● **DATA FOR PROCESSING**
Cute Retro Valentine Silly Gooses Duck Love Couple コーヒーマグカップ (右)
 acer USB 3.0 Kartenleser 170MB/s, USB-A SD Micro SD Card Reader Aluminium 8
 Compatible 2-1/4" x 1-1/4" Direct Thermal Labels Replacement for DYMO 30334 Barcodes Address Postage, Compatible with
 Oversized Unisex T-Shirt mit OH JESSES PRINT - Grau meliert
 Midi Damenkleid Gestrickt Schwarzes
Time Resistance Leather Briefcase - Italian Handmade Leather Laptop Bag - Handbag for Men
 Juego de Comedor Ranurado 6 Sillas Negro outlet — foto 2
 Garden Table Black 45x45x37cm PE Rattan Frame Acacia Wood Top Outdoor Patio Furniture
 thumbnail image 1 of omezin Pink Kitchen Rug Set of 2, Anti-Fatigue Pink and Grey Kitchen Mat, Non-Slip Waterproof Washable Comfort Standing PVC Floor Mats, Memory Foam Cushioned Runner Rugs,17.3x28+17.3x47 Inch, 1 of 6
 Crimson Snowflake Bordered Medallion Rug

● **PROBLEM TO WORK ON**
An exact printout is needed of the lines from the one containing "acer USB 3.0" through the end of the listing above, both of those lines included, and nothing else.

● **TASK OUTPUT**
 acer USB 3.0 Kartenleser 170MB/s, USB-A SD Micro SD Card Reader Aluminium 8
 Compatible 2-1/4" x 1-1/4" Direct Thermal Labels Replacement for DYMO 30334 Barcodes Address Postage, Compatible with
 Oversized Unisex T-Shirt mit OH JESSES PRINT - Grau meliert
 Midi Damenkleid Gestrickt Schwarzes
Time Resistance Leather Briefcase - Italian Handmade Leather Laptop Bag - Handbag for Men
 Juego de Comedor Ranurado 6 Sillas Negro outlet — foto 2
 Garden Table Black 45x45x37cm PE Rattan Frame Acacia Wood Top Outdoor Patio Furniture
 thumbnail image 1 of omezin Pink Kitchen Rug Set of 2, Anti-Fatigue Pink and Grey Kitchen Mat, Non-Slip Waterproof Washable Comfort Standing PVC Floor Mats, Memory Foam Cushioned Runner Rugs,17.3x28+17.3x47 Inch, 1 of 6
 Crimson Snowflake Bordered Medallion Rug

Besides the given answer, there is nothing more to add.